Richard Roe was one of two then-minors who said older Ooltewah High School classmates attacked them and sexually assaulted them with pool cues during a December 2015 trip to Gatlinburg, Tennessee, for a basketball tournament. He and another victim, "John Doe," filed civil lawsuits against the district in Chattanooga's U.S. District Court in 2016, and both settled before trial.
But their settlements were sealed, leaving school board members and the public in the dark about the actual amount.
Shortly after Doe's case settled in the fall of 2018, Gardenhire blasted the school district and its insurer, the Tennessee Risk Management Trust, for not disclosing the amounts.
School board members learned that Doe received $750,000 as part of a settlement in a civil lawsuit against the department of education in an email from school board attorney Scott Bennett in May 2019, but the Roe settlement had not been unsealed at the time.
Attorney General Herbert Slatery filed a motion on Jan. 2 calling for the court to unseal the dollar figure of the settlement between the school district, the insurer and Roe.
Gardenhire called the attorney general's motion "a major step for the state" at the time.
"This sets a huge precedent in the future for all these secret settlements that have gone on. No one is interested in unveiling what happened to those children or who they are," Gardenhire previously told the Times Free Press. "We are interested in how much the mistakes of the Hamilton County school system cost the taxpayers."

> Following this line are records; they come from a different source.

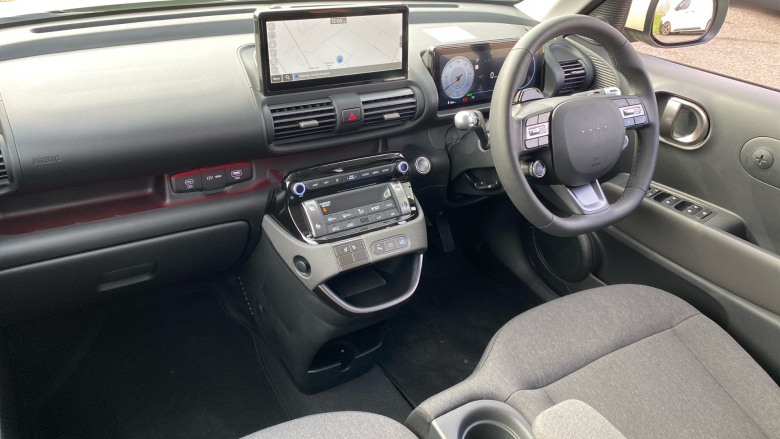 Hyundai INSTER 85kW 02 49kWh 5dr Auto Electric Hatchback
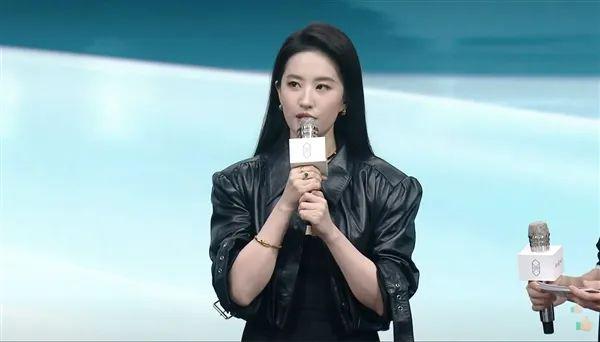 劉亦菲曬38歲生日照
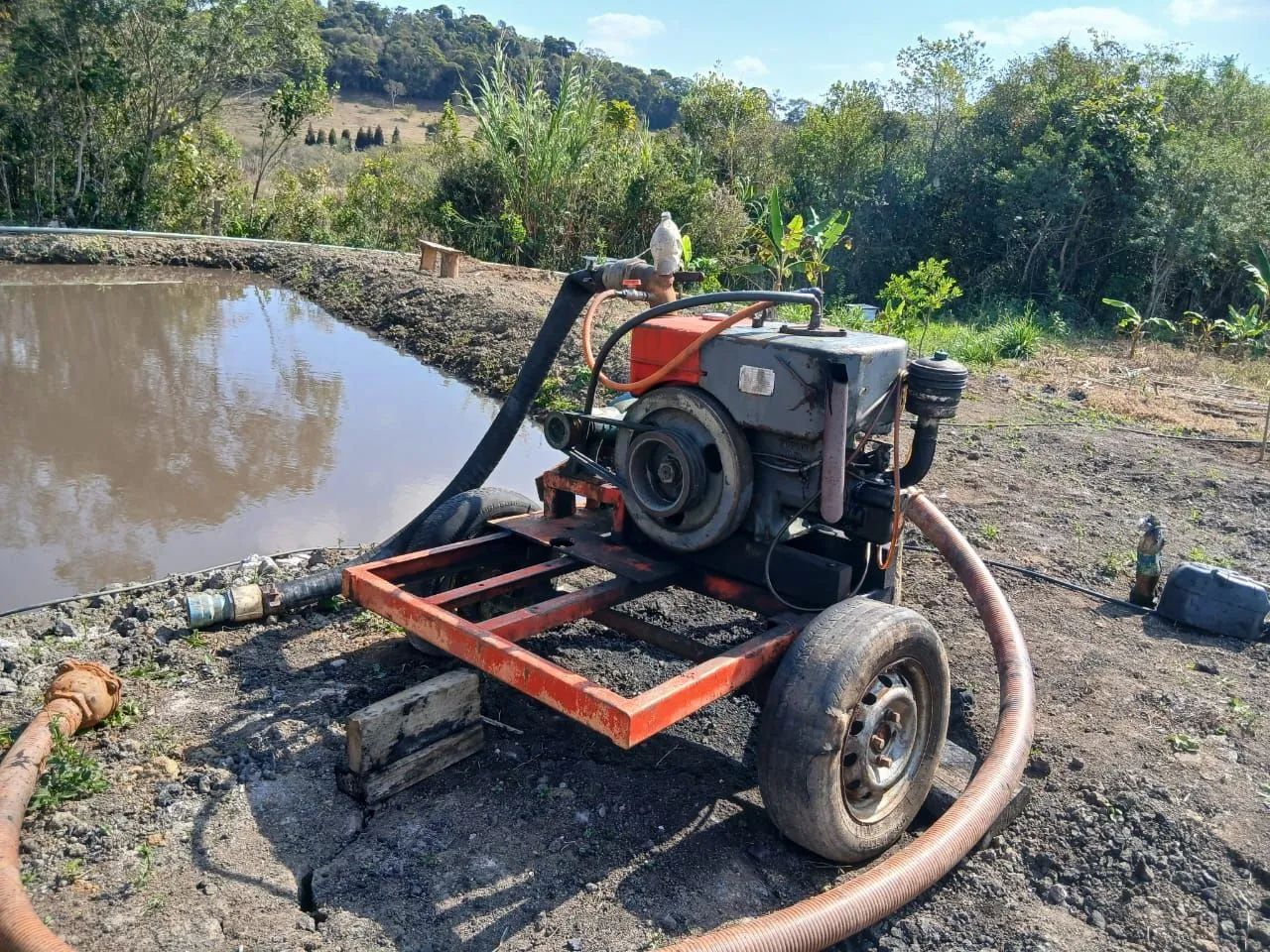 Motor de irrigação b13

Slatery's motion was made on the understanding that "this request to lift the seal for this very limited purpose is not opposed either by counsel for the plaintiffs or the defendants," according to the Jan. 2 motion.
On Jan. 24, the motion was approved without opposition from any of the parties involved, according to court documents.
"The case, which took place in 2015, involves a very difficult time for everyone involved in the incident, Hamilton County Schools, and the entire community. The Hamilton County Board of Education and every individual in Hamilton County Schools are committed to the safety and well-being of all the students in our schools, and we work each day with that in mind," said Tim Hensley, spokesman for the school district, in a statement. "The board and the public have an interest in knowing how the claim was resolved, so the district welcomes the decision by Judge [Marie] Williams to lift the seal regarding the settlement."
The recent disclosure brings the total amount paid by the district's insurer, the Tennessee Risk Management Trust, to both victims to at least $810,000.
Gardenhire has said that the next step is unveiling the total cost of the cases — not just the settlements, but also the full cost of litigating the cases for more than two years. Unveiling the total cost of attorney fees for both the trust and Hamilton County Schools is important to know, he previously told the Times Free Press.
"That's coming next. That's important to know because that's part of the costs of the mistakes that were made," Gardenhire said. "This goes to the very heart of the credibility of our education system."
Hamilton County Schools and its attorney, Bennett, have always maintained that the district did not directly foot either bill — the insurer did — and the board had no say in voting on either settlement or any knowledge about the amounts until they were unsealed by the court. The trust, as the district's insurer, was in charge of the case and any settlements reached, district officials maintain.
Doe's settlement was unveiled in May after Pope got involved. In February 2019, he sent top trust officials a letter saying that out-of-court monetary settlements made by board insurers need to be disclosed to the public under Tennessee's open government laws. Pope said the trust is "most likely" a governmental entity or "functional equivalent of a government entity."